— What you are asked to do —
The answer must be the full data, restated word for word, with no pictures in it.

— Data —
▼
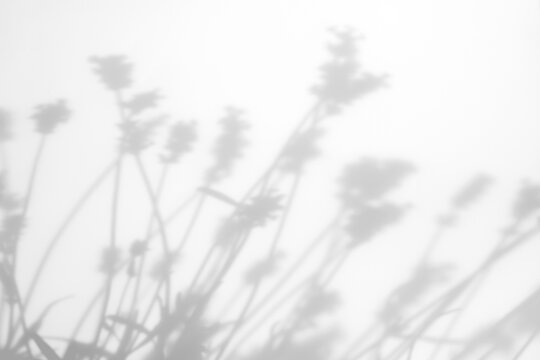 Real sparse foliage shadow cut out on a transparent png background with hazy soft-focus edges. Pairs with a soft wellness mockup overlay, an abstract and surreal aesthetic as a transparent png layer.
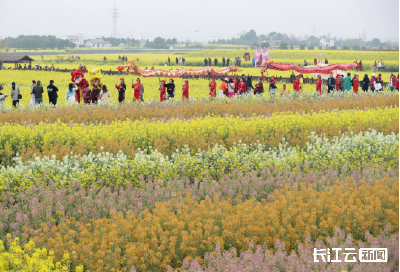 花期“赚流量” 花谢“赚产值” 湖北这抹“金黄”很亮眼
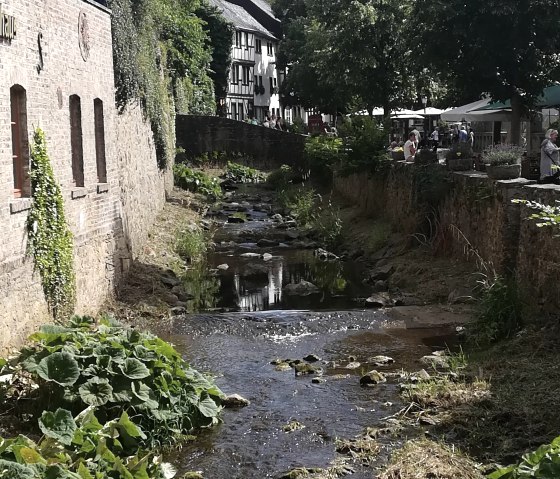 IMG_20200719_161630, © Nordeifel Tourismus GmbH & Grunwald Hotel IMG_20200719_161630, © Nordeifel Tourismus GmbH & Grunwald Hotel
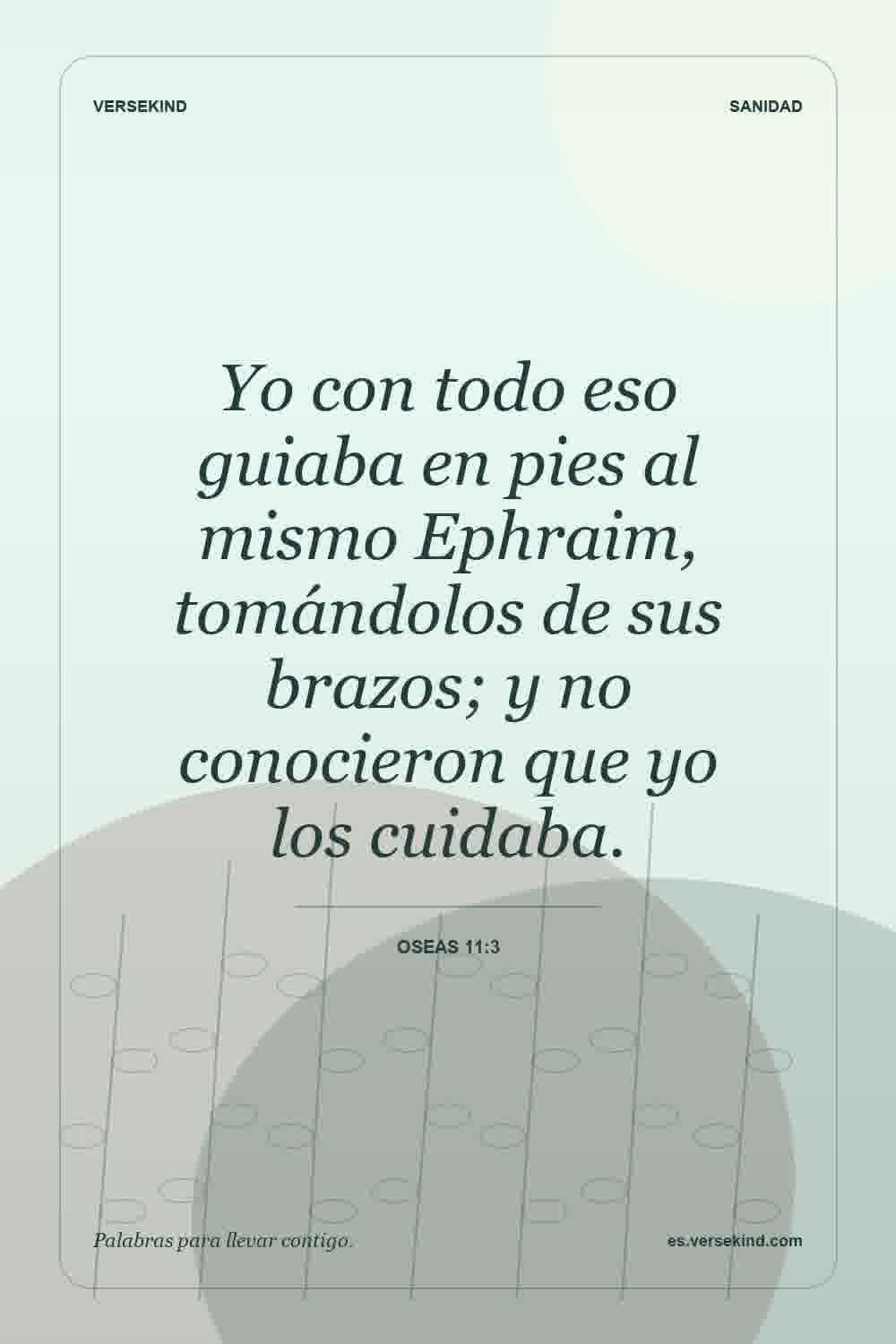Yo con todo eso guiaba en pies al mismo Ephraim, tomándolos de sus brazos; y no conocieron que yo los cuidaba. — Oseas 11:3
▲
— Exercise answer —
 Real sparse foliage shadow cut out on a transparent png background with hazy soft-focus edges. Pairs with a soft wellness mockup overlay, an abstract and surreal aesthetic as a transparent png layer.
 花期“赚流量” 花谢“赚产值” 湖北这抹“金黄”很亮眼
 IMG_20200719_161630, © Nordeifel Tourismus GmbH & Grunwald Hotel IMG_20200719_161630, © Nordeifel Tourismus GmbH & Grunwald Hotel
Yo con todo eso guiaba en pies al mismo Ephraim, tomándolos de sus brazos; y no conocieron que yo los cuidaba. — Oseas 11:3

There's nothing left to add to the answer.